LG: No creo que necesariamente responda a estas preguntas luchando conscientemente con ellas. Creo que pesan sobre ti y, hasta cierto punto, las soluciones se resuelven inconscientemente. Se manifiestan, estas soluciones parciales, en tu obra. Nunca pienso en la audiencia. Odio esa palabra. Pienso en un lector. Creo que mis poemas requieren de un lector y que los complete un lector. Pero es un lector único, y si esa persona existe de forma múltiple o no, no supone ninguna diferencia espiritual, aunque tenga un impacto práctico. Lo que me importa es la sutileza y profundidad de la respuesta del lector y si resultan duraderas. La idea de ampliar la audiencia de la poesía me parece ridícula.

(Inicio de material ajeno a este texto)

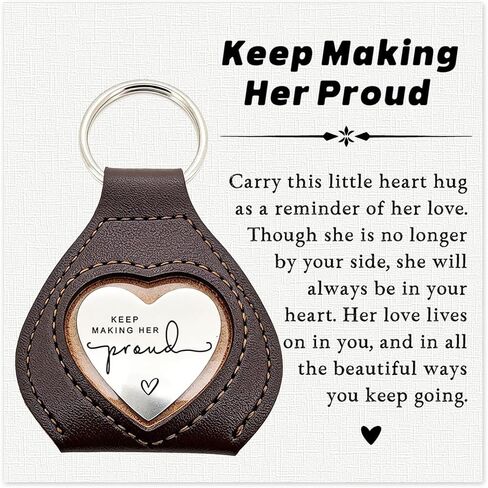 Memorial Gift for Daughter Son, Keep Making Her Proud Heart Hug Keychain, Sympathy Bereavement Keepsake for Loss of Mom Grandma, Comfort Reminder Token for Grief, In Memory Gift for Hard Days (Her) in Kuwait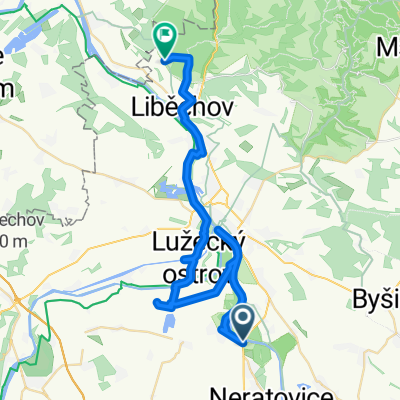 Route from Mělnická 82, Obříství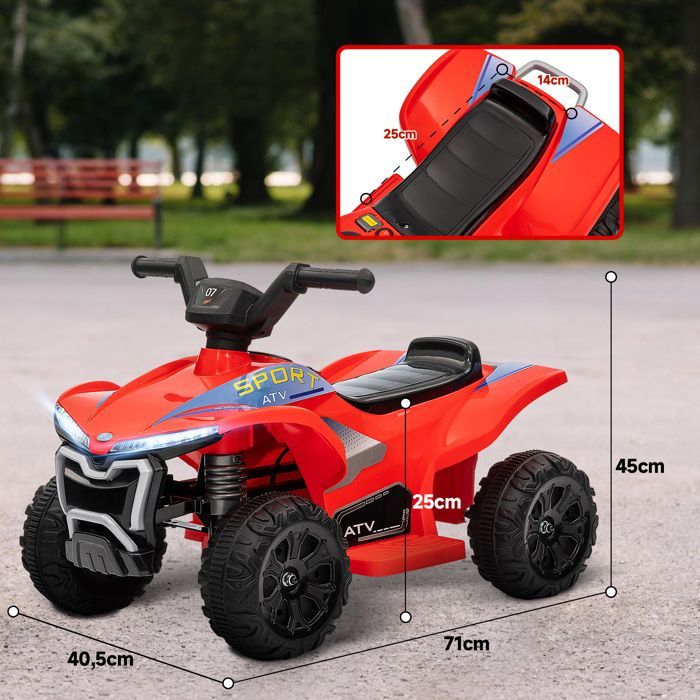 Quad eléctrico infantil AIYAPLAY - 6V - Velocidad máxima: 2,5 km/h - Con faros - Para niños de 18 a 36 meses - Rojo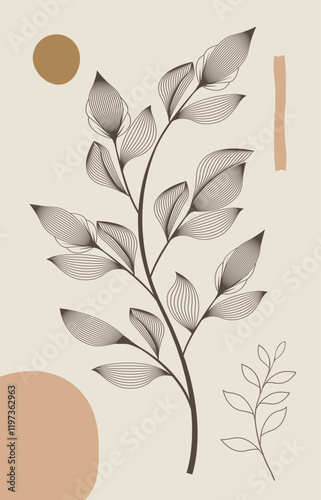Minimalistic botanical illustration with elegant abstract elements.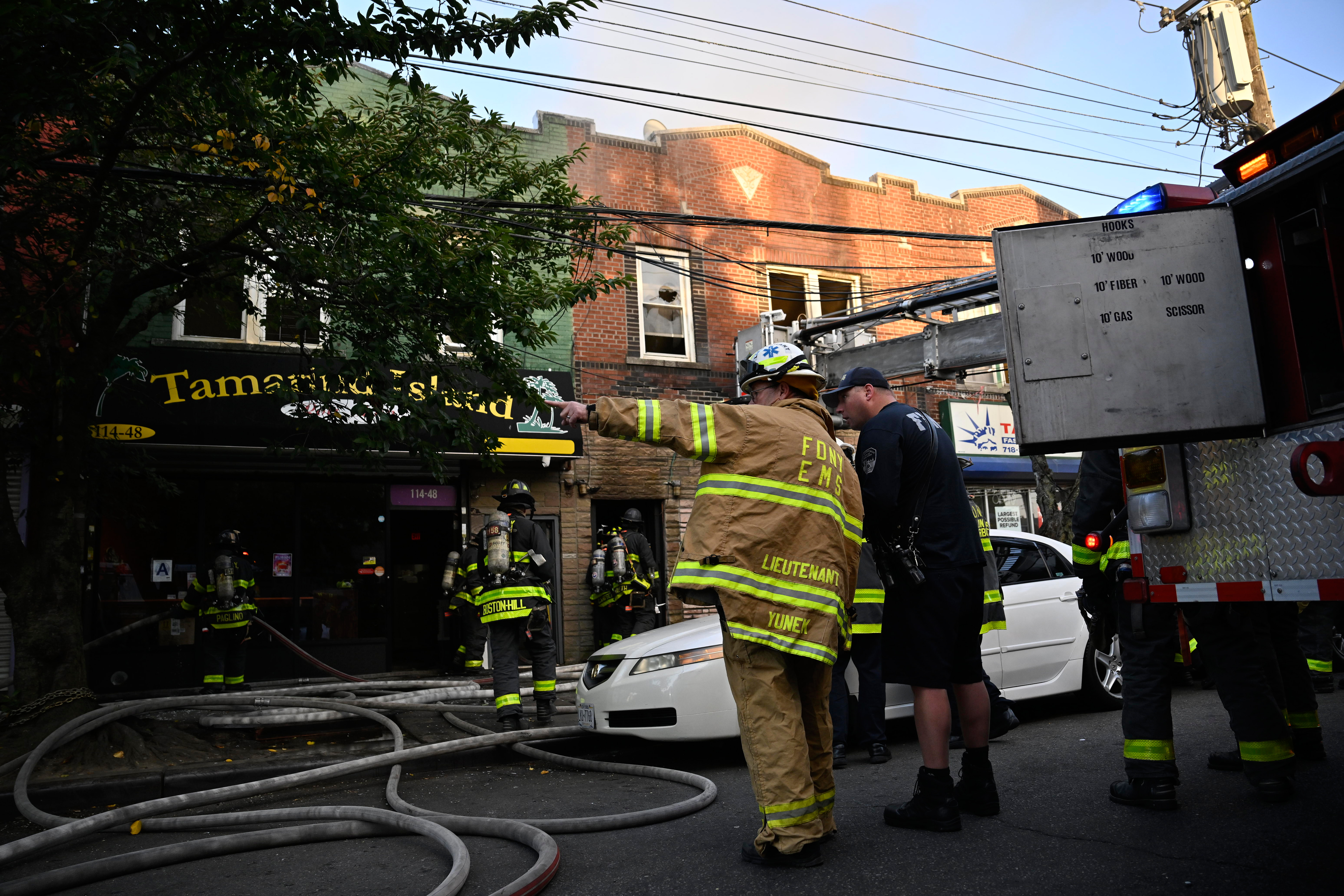 FDNY at the scene of a four-alarm fire in South Jamaica on Aug. 10.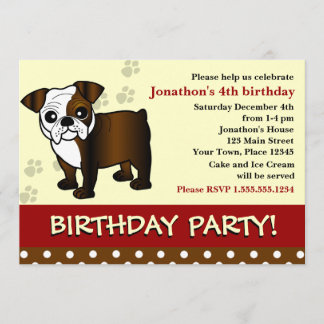Cute Bulldog Puppy Birthday Party Invitation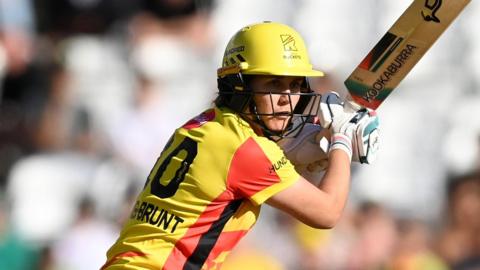 Trent Rockets batter Nat Sciver-Brunt plays a shot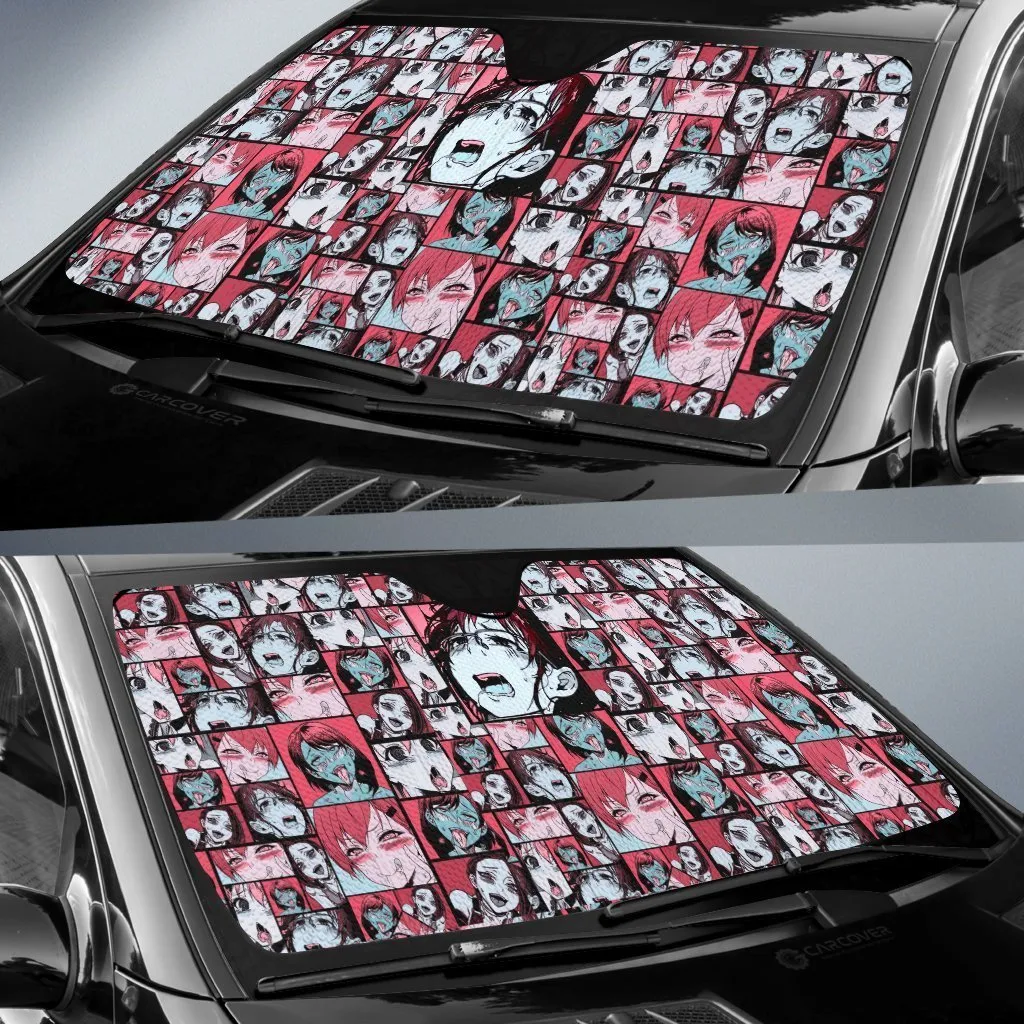 Ahegao Car Sunshade Custom Vintage Car Interior Accessories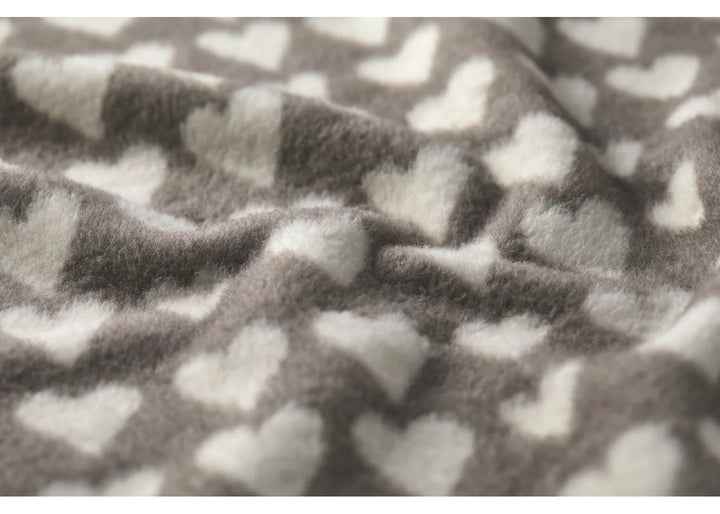 Fussenegger Savona Velour Throw  02409350  Smoke Allover Hearts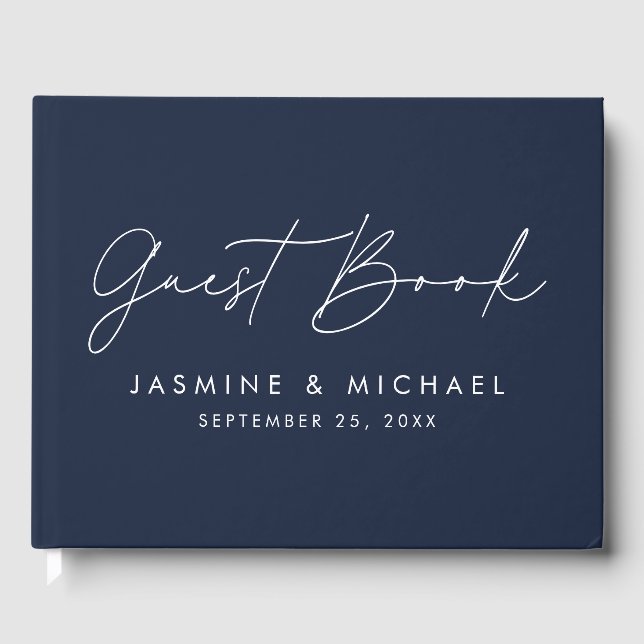 Moderne Foto-Hochzeit der Script-Marine Gästebuch (Vorderseite)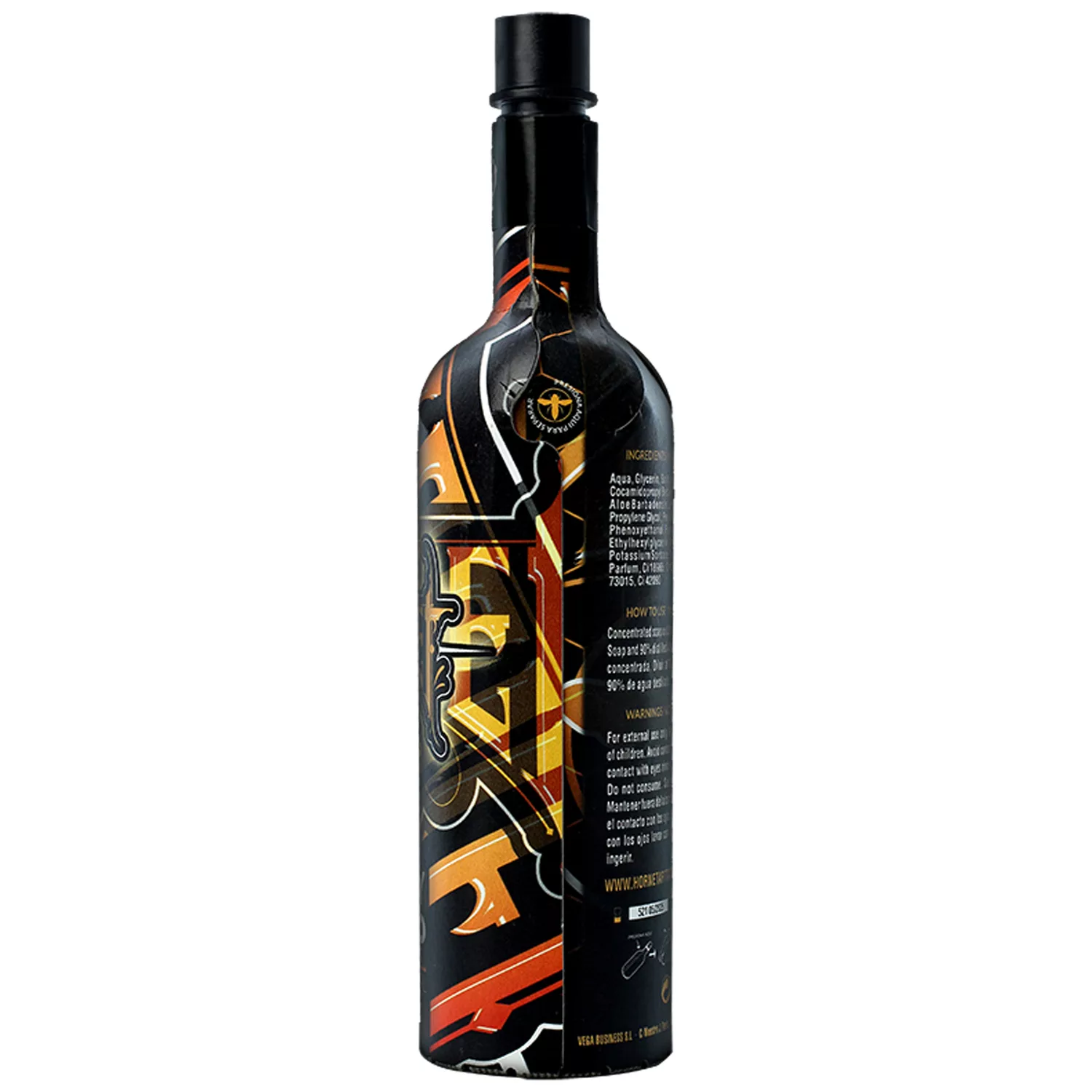 Hornet Honey Soap in 750 ml Flasche Schwarze Flasche Hornet Honey Soap mit buntem Design auf weißem Hintergrund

Creo que el poema es una comunicación entre una boca y un oído, no una boca y un oído reales, sino una mente que envía un mensaje y una mente que lo recibe. Para mí, la experiencia auditiva de un poema se transmite visualmente. Escucho con mis ojos y no me gusta leer en voz alta y (excepto en muy raras ocasiones) que me lean. El poema se convierte, cuando se lee en voz alta, en una forma secuencial mucho más simple: la red se convierte en una calle de un solo sentido. En cualquier caso, el conocimiento, o la esperanza, de que el lector existe es un gran consuelo.